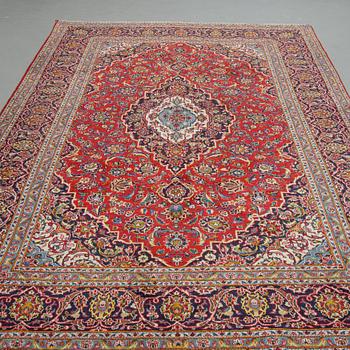 A carpet, Kashan, ca 318 x 206 cm.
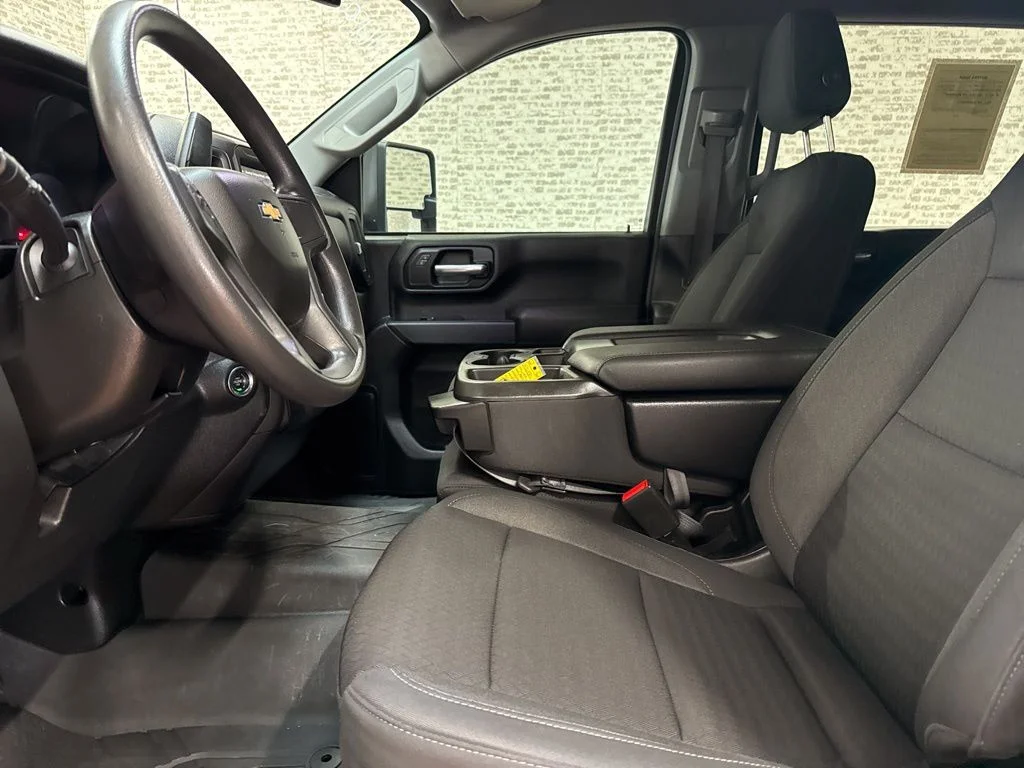 Used 2024 White Chevrolet Custom image 25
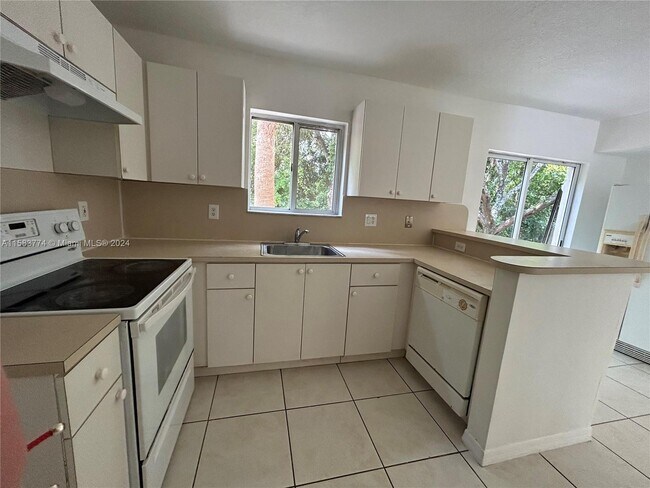 Foto del edificio - 1270 SE 31st Ct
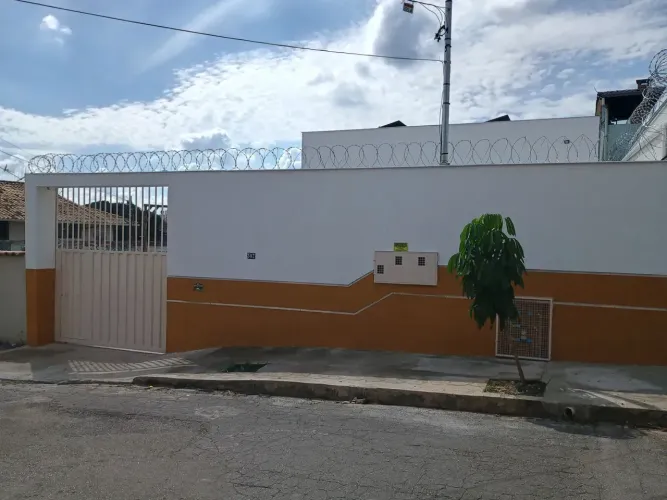 2 casas novas com quintal e garagem, prox á Av Cristiano Machado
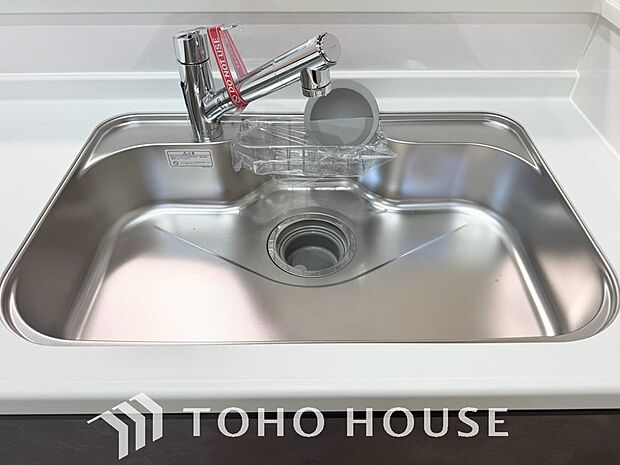 ワンタッチで浄水と原水を切り替えできる浄水器一体型水栓は水道水に含まれる有害物質を除去してくれます。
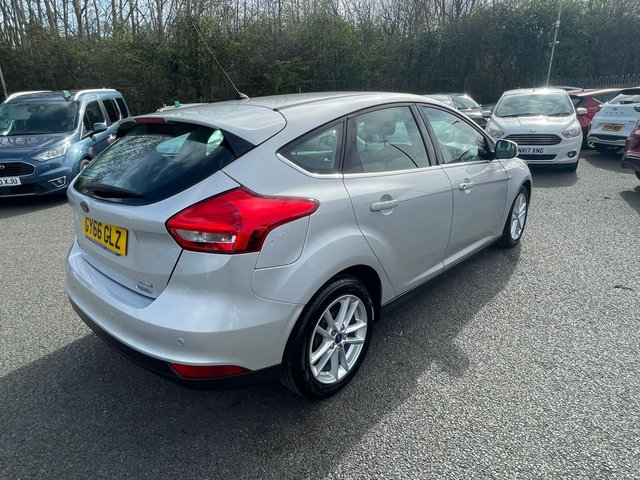 2016 Ford Focus 1L Zetec 5dr - Photo 3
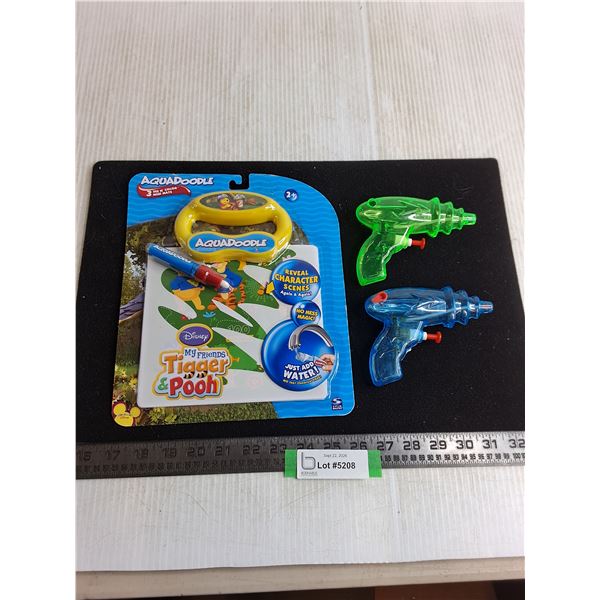 NIB Disney "Tigger & Pooh" Aqua Doodle, Water Guns
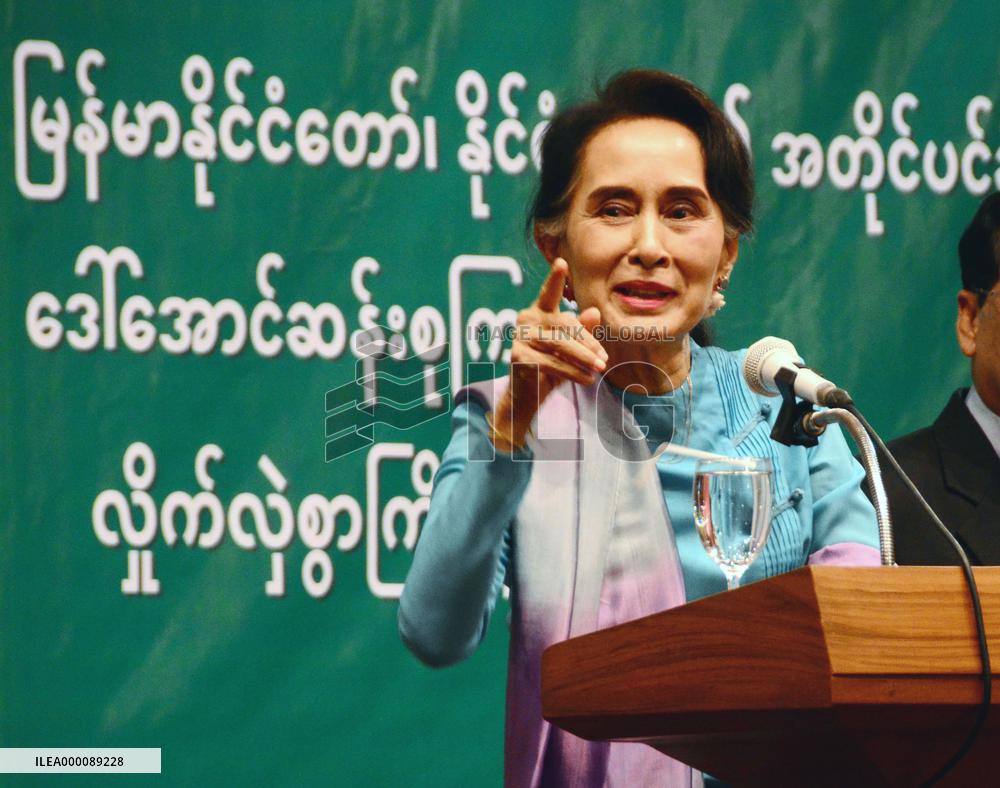 Suu Kyi urges Myanmar workers in Thailand to be honest, abide by law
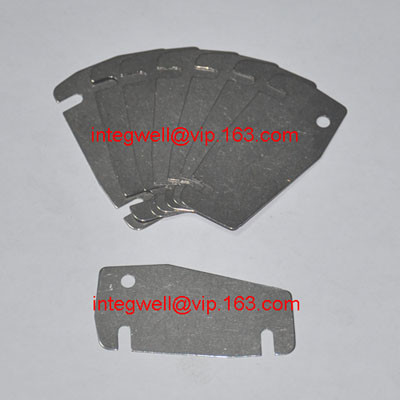 Stripper plate / selvedge plate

§ **What the exercise asks**: Please restate the entries word for word. Skip the pictures.

§ **Task response**:
 A carpet, Kashan, ca 318 x 206 cm.
 Used 2024 White Chevrolet Custom image 25
 Foto del edificio - 1270 SE 31st Ct
 2 casas novas com quintal e garagem, prox á Av Cristiano Machado
 ワンタッチで浄水と原水を切り替えできる浄水器一体型水栓は水道水に含まれる有害物質を除去してくれます。
 2016 Ford Focus 1L Zetec 5dr - Photo 3
 NIB Disney "Tigger & Pooh" Aqua Doodle, Water Guns
 Suu Kyi urges Myanmar workers in Thailand to be honest, abide by law
 Stripper plate / selvedge plate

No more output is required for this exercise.